A new essay on blindness

    The Gospel of Mark tells the story of a blind man living in a village in Bethsaida who was healed by Jesus. Until then, all right, one more miracle, life that goes on, all religions will comment on this fact, extol the wonderful power of the son of God and so on.

    However, there is something curious in this passage, because Jesus, in order to cure him, demanded that he leave the village and after performing the cure, recommended that he not return to that place anymore. Now, would Jesus be blaming the environment in which the blind man lived, the village, for his disability? It's not logical.

    Has any religion looked into the occult and initiatory sense of this passage? What would this village be in this small passage from the Gospel of Mark?

    An investigative look at these events, introducing elements of modern psychology, could open new interpretive horizons. For Psychology, biblical passages, myths, religious characters and many gods and demigods from the most varied pantheons are representations of man and the countless components that are part of the dynamics that surround the human condition.
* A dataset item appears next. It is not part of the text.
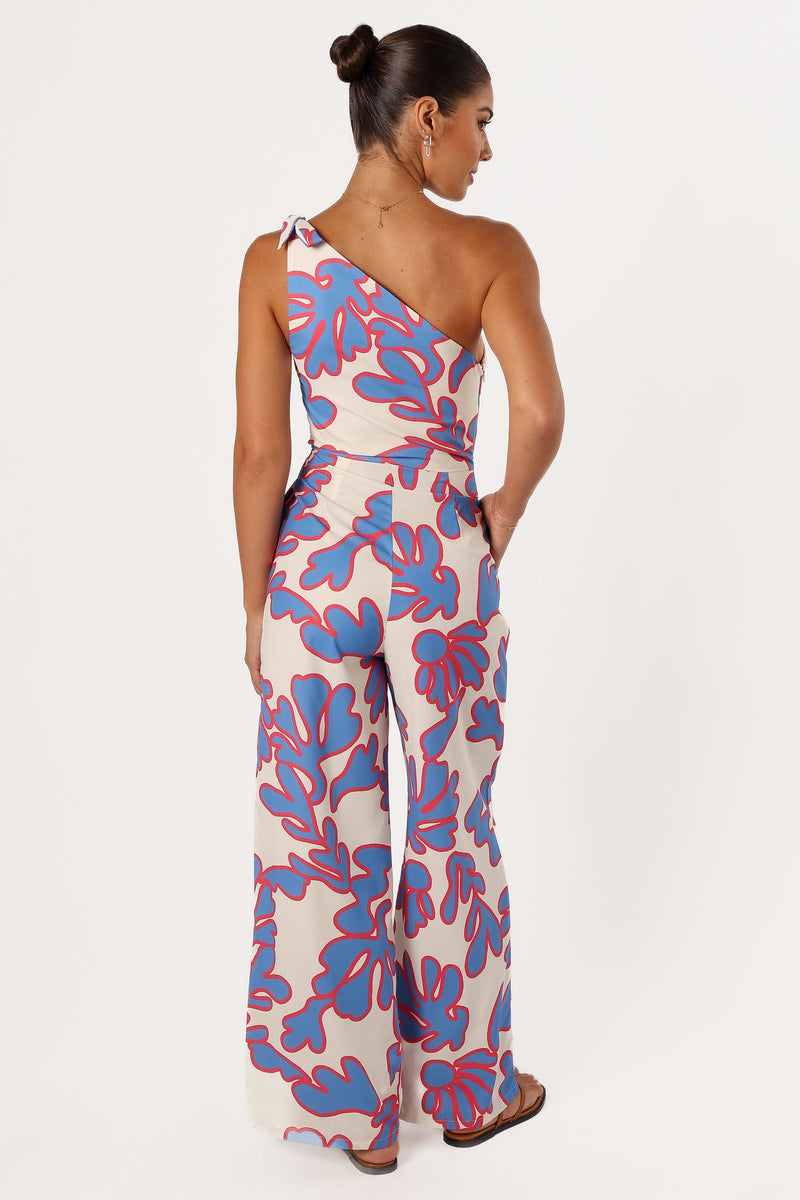Zoya One Shoulder Jumpsuit - Flori Print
    Jesus, within this narrative, could be the representation of the Self, the blind man, the representation of the ego and the village the world. Blindness could only be cured when the person interested in the light (ego) left the village (world) and became aware that he should not return. Realize that the image of the blind man, representing the one who does not know the light, is perfect and, in the same way, the image of Jesus representing the force that constantly leads us towards enlightenment and calling us to renounce the influence of the environment, appears in this context. as a clear representation of the Christ Self that exists in each of us, an instance also known as the Self, Higher Self, Divine Essence, etc. The village, in turn, symbolizes the world, but the world of illusions that was very well represented by the Matrix in a Hollywood movie.





    A new essay on blindness

    Leaving the village is simply leaving the world. Now, how to get out of the world? Would we have to take our own life? No way, that would just bring a lot more suffering. To get out of the world, it will be necessary to face it, because, as Fernando Pessoa teaches us, through one of his most beautiful poems, we have to cross Bojador to go beyond pain. 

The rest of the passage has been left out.